Only the lines from the one with "SafeMask.Tech" through the final line below belong in the answer, copied exactly and without pictures.
-------------------------
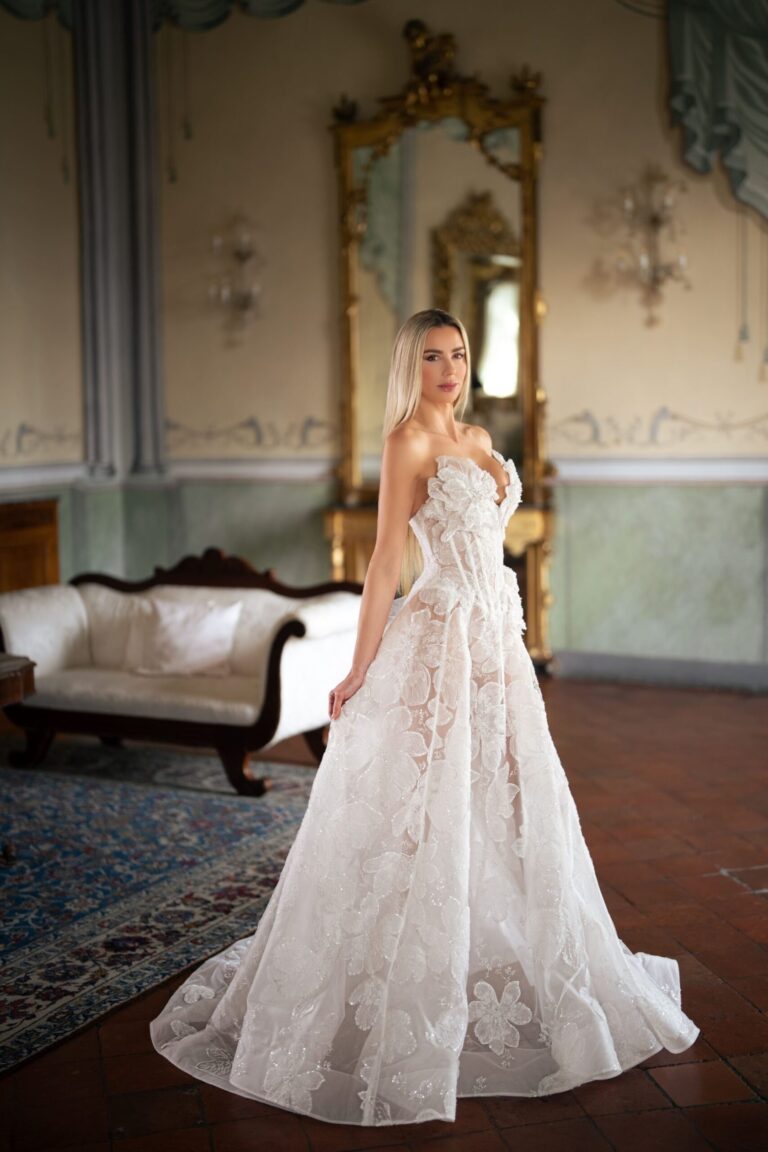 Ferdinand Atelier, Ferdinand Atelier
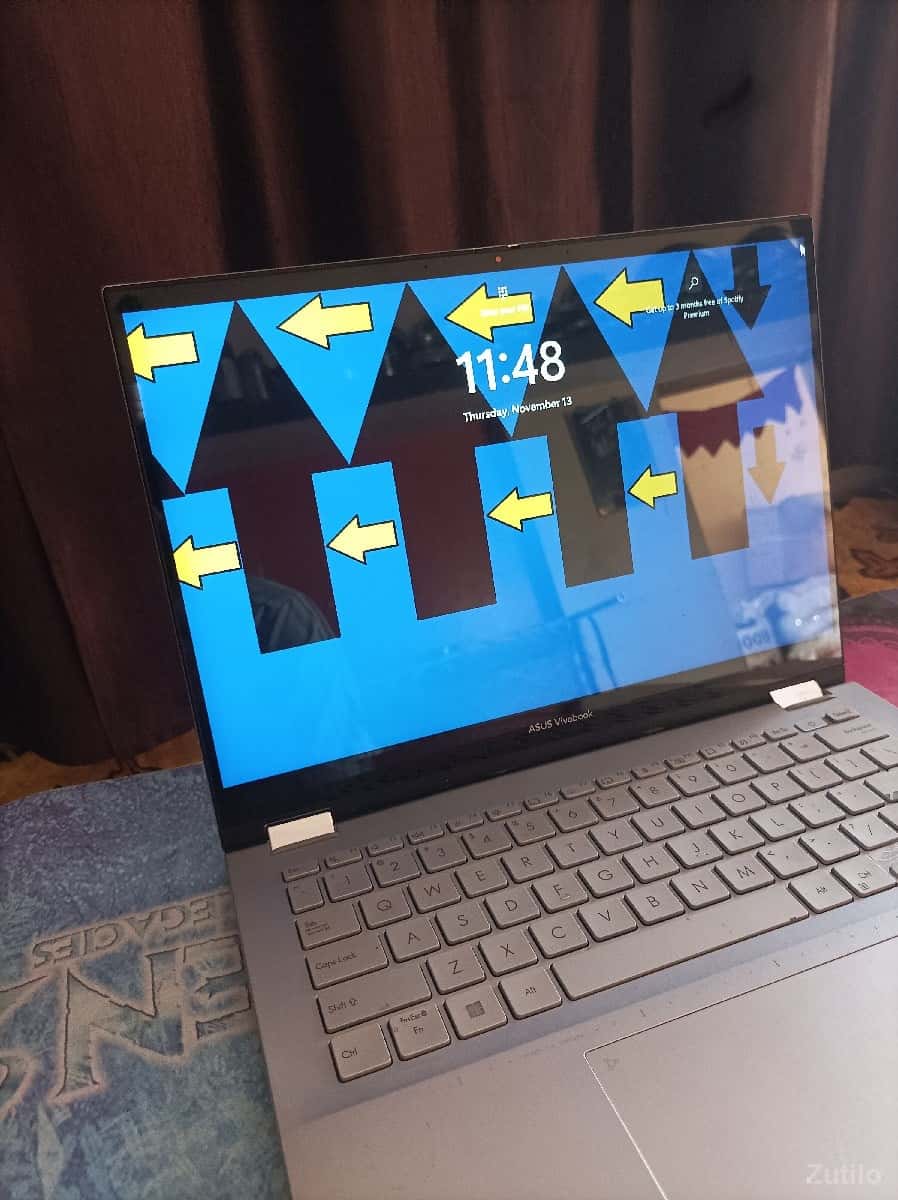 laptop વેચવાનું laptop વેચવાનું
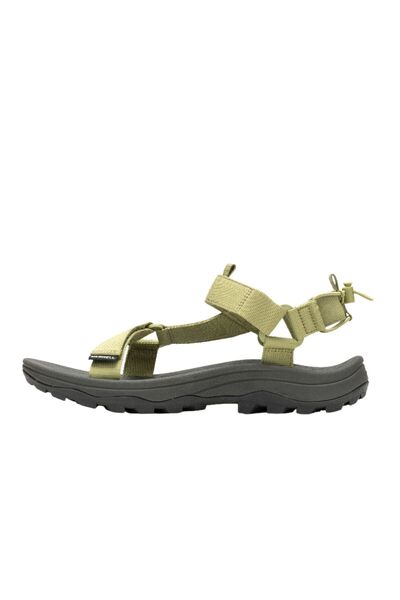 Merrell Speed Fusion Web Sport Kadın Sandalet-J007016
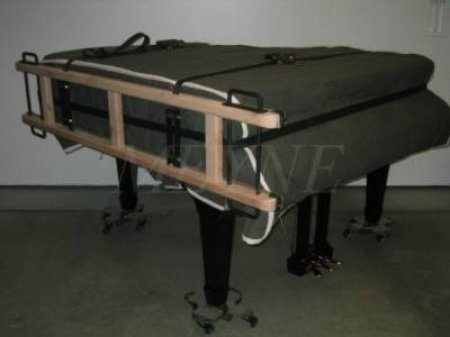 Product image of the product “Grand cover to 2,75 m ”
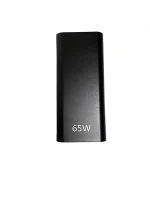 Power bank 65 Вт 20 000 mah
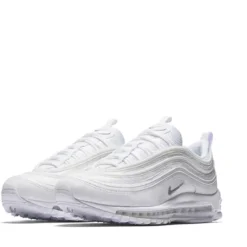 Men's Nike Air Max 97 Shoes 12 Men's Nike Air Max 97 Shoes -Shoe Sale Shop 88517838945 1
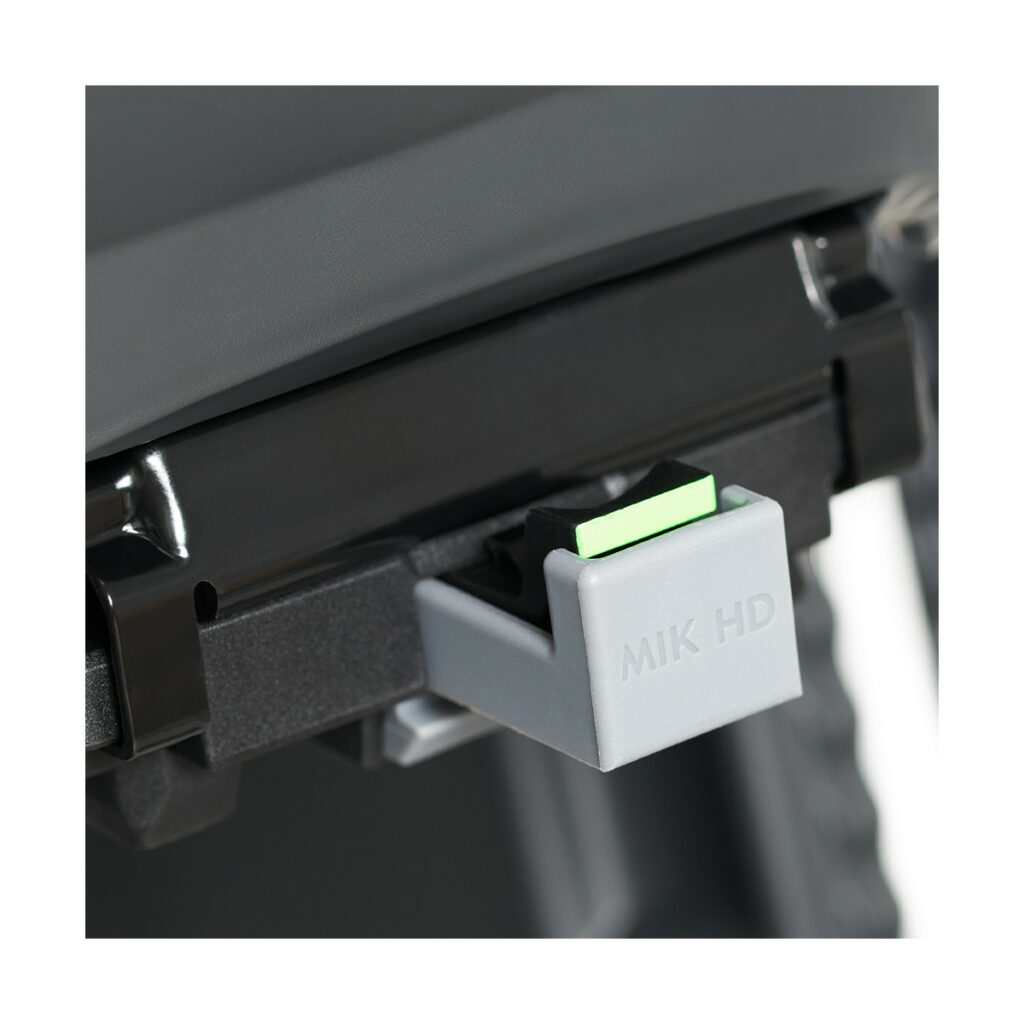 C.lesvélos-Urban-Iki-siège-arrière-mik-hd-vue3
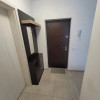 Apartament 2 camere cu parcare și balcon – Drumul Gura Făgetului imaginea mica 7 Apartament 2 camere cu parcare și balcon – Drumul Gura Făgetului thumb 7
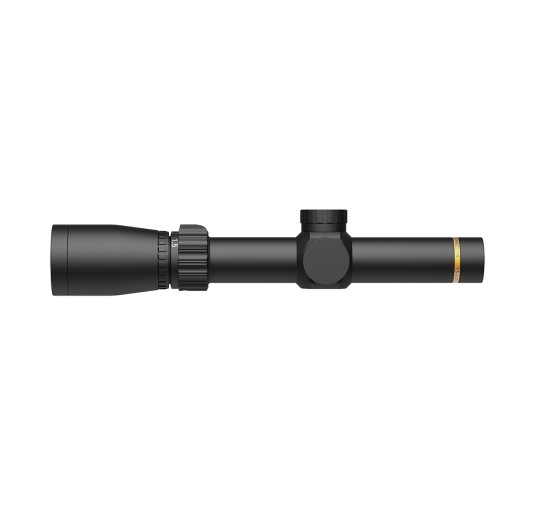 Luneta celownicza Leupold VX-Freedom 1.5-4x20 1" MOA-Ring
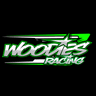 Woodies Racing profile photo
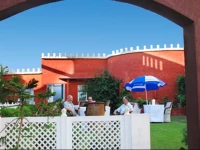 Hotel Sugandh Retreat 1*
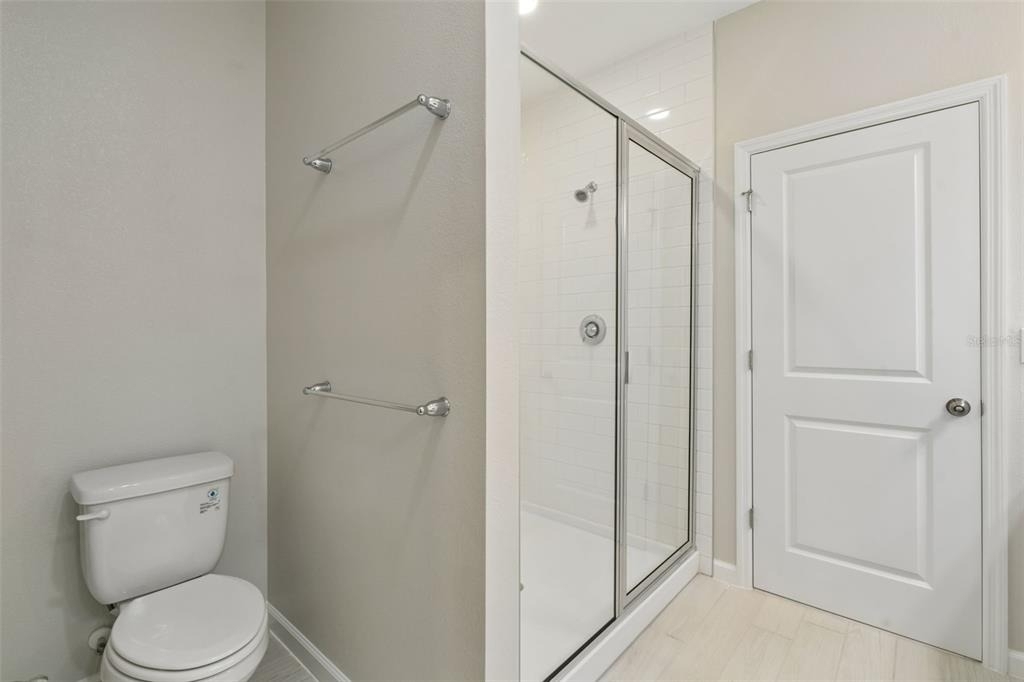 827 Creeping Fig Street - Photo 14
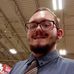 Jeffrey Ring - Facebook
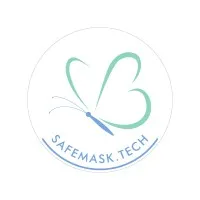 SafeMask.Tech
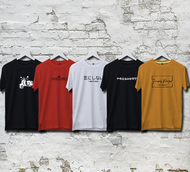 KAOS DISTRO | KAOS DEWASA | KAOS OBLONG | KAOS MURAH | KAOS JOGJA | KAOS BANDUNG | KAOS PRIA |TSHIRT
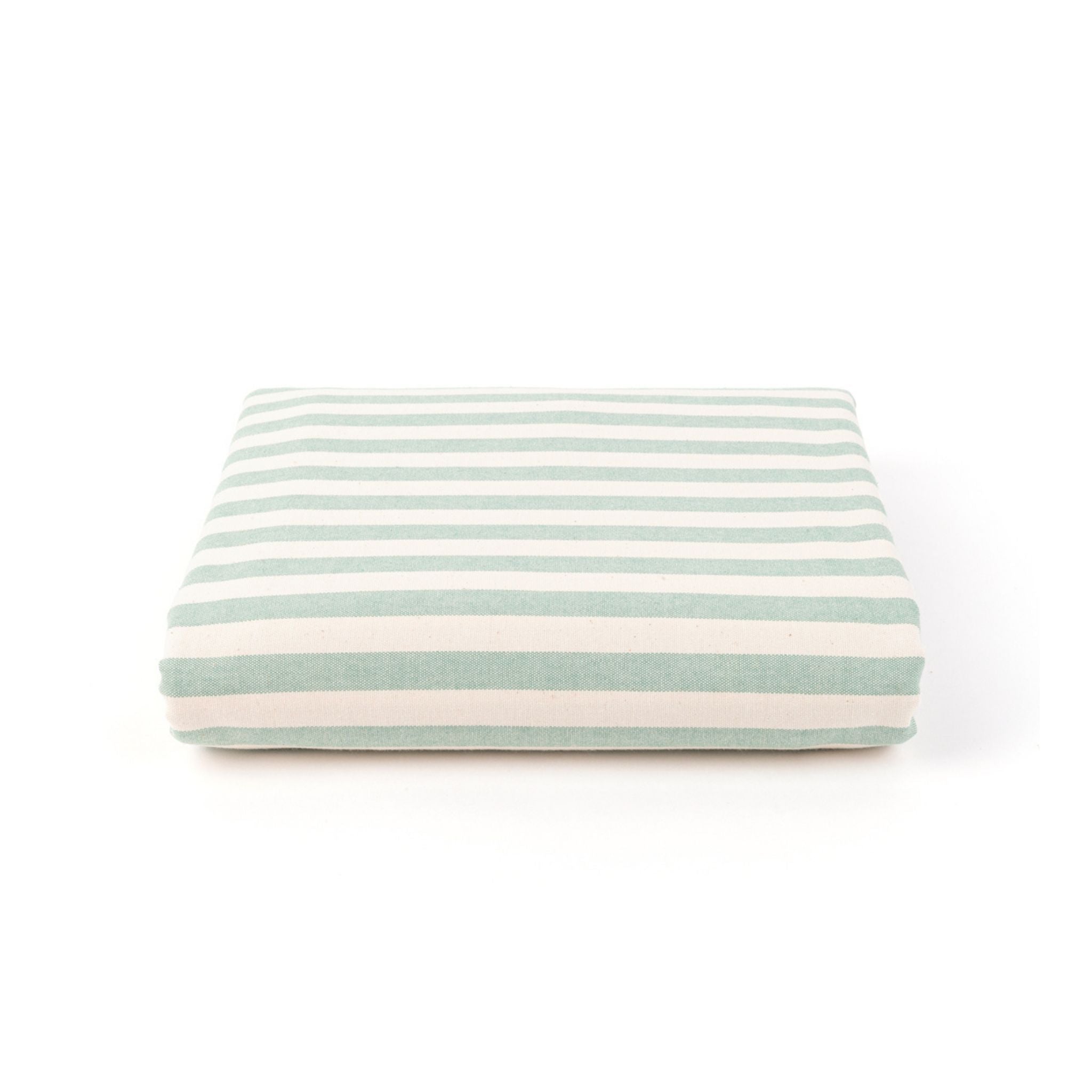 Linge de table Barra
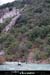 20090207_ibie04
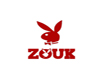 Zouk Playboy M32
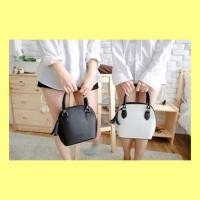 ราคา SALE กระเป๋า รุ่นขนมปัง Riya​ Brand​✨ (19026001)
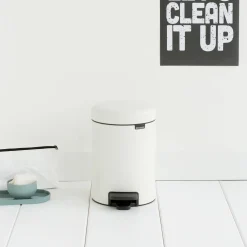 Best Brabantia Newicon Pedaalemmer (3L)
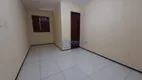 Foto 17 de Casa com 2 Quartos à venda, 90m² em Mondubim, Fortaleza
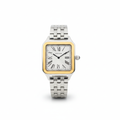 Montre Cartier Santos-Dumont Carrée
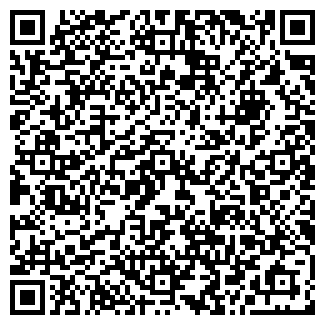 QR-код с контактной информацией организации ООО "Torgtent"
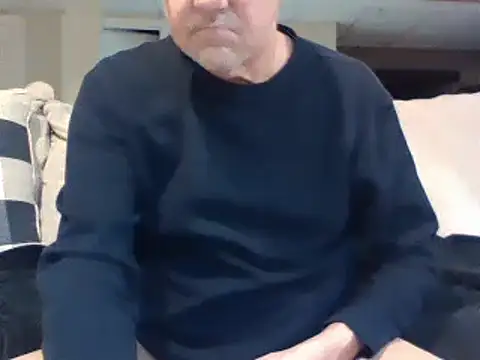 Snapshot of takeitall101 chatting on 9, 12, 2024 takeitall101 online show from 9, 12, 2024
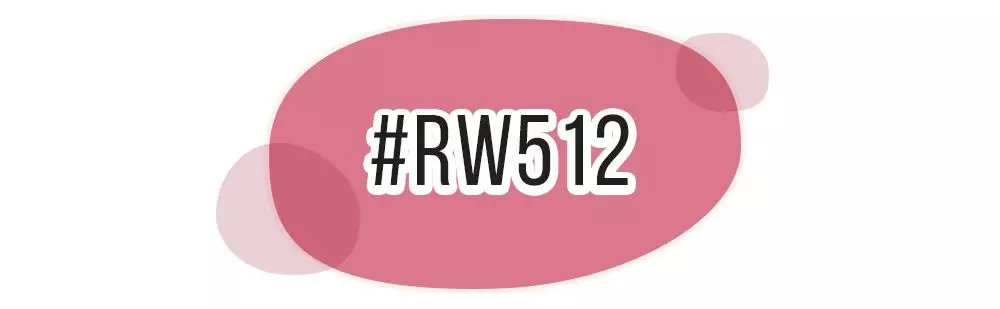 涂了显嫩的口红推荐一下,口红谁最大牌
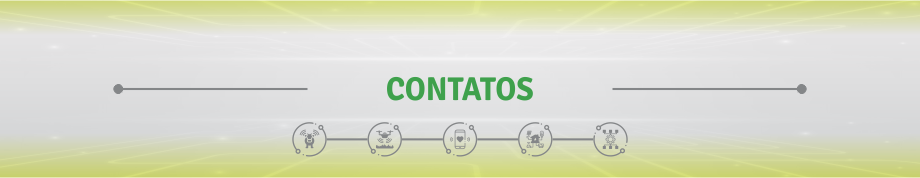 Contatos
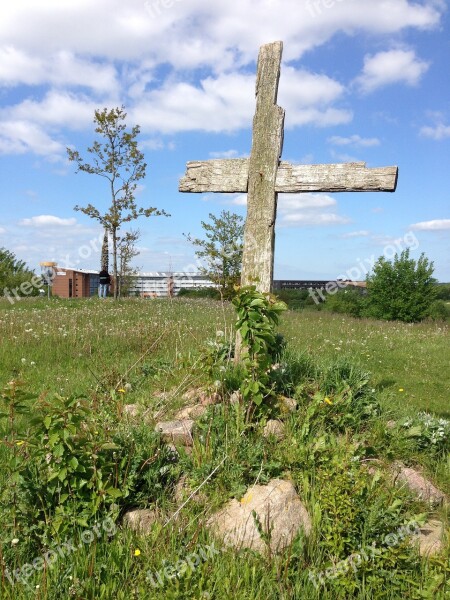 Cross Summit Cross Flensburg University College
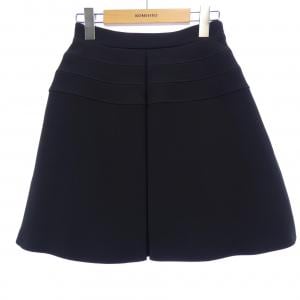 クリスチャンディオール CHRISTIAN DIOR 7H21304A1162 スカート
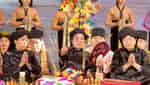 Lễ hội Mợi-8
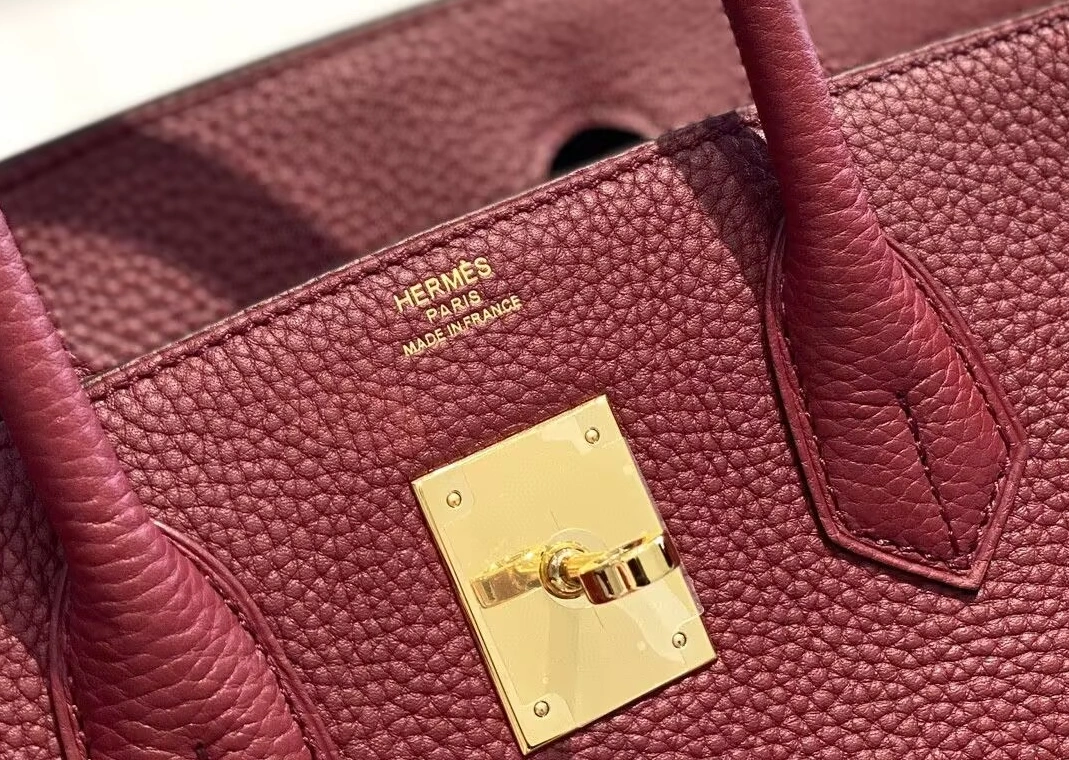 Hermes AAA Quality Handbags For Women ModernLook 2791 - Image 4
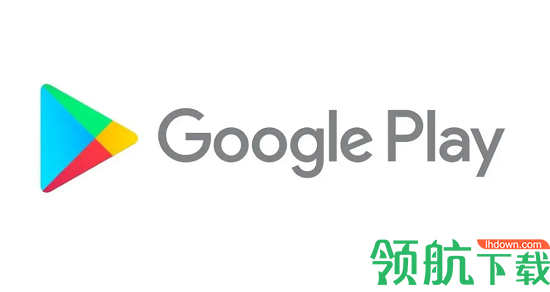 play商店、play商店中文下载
-------------------------
RESULT OF THE EXERCISE =>
 SafeMask.Tech
 KAOS DISTRO | KAOS DEWASA | KAOS OBLONG | KAOS MURAH | KAOS JOGJA | KAOS BANDUNG | KAOS PRIA |TSHIRT
 Linge de table Barra
 20090207_ibie04
 Zouk Playboy M32
 ราคา SALE กระเป๋า รุ่นขนมปัง Riya​ Brand​✨ (19026001)
 Best Brabantia Newicon Pedaalemmer (3L)
 Foto 17 de Casa com 2 Quartos à venda, 90m² em Mondubim, Fortaleza
 Montre Cartier Santos-Dumont Carrée
 QR-код с контактной информацией организации ООО "Torgtent"
 Snapshot of takeitall101 chatting on 9, 12, 2024 takeitall101 online show from 9, 12, 2024
 涂了显嫩的口红推荐一下,口红谁最大牌
 Contatos
 Cross Summit Cross Flensburg University College
 クリスチャンディオール CHRISTIAN DIOR 7H21304A1162 スカート
 Lễ hội Mợi-8
 Hermes AAA Quality Handbags For Women ModernLook 2791 - Image 4
 play商店、play商店中文下载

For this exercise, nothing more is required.